State how many lines of the entries below hold the word "International"; reply with nothing but the number.
══════════
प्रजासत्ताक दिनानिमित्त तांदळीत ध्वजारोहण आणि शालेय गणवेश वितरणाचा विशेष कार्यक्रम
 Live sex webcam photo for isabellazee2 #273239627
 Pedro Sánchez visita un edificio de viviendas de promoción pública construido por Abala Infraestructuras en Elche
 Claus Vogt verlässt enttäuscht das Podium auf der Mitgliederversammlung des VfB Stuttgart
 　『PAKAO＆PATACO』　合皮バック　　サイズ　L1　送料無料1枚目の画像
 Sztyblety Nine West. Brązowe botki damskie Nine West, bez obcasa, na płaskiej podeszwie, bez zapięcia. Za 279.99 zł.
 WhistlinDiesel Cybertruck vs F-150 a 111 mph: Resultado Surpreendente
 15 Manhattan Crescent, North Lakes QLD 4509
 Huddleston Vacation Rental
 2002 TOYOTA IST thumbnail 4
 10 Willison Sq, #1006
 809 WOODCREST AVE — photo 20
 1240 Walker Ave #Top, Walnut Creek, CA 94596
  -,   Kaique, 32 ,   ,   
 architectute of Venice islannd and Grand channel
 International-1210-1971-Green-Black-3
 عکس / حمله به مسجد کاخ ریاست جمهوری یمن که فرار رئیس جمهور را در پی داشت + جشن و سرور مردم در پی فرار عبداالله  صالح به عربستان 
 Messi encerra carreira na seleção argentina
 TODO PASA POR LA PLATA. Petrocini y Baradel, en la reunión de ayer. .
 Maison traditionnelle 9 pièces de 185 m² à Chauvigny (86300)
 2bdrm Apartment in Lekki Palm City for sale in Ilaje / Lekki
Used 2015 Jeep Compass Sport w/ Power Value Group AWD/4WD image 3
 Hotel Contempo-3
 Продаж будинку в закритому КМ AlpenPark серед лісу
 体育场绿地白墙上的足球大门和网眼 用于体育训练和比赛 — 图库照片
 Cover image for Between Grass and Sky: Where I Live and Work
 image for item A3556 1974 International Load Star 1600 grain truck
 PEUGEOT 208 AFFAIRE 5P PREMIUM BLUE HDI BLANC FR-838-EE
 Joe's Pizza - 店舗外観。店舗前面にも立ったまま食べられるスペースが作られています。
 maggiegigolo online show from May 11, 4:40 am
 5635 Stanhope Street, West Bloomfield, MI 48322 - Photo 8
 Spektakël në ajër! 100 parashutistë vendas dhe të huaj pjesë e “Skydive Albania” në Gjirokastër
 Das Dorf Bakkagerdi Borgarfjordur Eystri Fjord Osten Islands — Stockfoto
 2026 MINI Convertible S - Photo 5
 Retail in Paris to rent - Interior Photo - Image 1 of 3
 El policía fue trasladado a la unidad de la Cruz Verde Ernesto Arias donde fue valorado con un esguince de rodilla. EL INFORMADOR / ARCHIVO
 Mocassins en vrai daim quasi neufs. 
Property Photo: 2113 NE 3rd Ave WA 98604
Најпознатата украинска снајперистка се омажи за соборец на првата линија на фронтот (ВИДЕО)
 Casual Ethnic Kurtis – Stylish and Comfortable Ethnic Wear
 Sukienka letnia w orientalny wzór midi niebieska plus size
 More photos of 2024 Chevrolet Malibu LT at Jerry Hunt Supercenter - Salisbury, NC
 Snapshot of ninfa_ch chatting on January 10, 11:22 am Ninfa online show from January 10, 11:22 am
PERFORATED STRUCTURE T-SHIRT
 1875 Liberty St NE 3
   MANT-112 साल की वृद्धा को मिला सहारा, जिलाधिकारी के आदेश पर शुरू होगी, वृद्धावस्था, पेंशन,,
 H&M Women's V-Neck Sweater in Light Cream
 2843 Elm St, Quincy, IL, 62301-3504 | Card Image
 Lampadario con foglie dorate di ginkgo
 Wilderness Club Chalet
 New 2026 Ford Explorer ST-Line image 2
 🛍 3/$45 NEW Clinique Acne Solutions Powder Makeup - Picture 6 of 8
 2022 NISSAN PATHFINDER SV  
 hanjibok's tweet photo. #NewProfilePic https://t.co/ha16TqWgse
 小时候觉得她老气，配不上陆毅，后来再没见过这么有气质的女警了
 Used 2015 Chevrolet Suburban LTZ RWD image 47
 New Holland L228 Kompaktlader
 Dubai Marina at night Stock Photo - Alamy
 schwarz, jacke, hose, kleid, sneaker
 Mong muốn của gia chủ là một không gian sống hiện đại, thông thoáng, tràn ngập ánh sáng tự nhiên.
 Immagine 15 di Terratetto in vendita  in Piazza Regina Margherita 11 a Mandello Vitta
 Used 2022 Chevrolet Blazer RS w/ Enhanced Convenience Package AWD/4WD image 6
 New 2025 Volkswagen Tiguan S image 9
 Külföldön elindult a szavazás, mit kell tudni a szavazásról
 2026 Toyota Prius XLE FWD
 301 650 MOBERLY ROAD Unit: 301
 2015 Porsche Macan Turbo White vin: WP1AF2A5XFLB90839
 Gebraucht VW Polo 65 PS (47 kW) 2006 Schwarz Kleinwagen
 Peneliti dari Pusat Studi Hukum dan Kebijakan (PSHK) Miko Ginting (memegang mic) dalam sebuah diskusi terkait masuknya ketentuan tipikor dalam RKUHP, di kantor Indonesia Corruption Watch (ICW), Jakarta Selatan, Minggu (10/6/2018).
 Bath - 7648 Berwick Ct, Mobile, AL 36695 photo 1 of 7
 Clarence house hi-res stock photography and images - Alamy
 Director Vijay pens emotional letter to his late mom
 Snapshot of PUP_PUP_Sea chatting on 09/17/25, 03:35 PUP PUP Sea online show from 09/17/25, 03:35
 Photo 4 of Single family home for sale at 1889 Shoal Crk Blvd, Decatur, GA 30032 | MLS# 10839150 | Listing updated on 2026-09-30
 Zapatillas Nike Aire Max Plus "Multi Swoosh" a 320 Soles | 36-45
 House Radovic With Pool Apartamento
══════════
**Written reply:** 2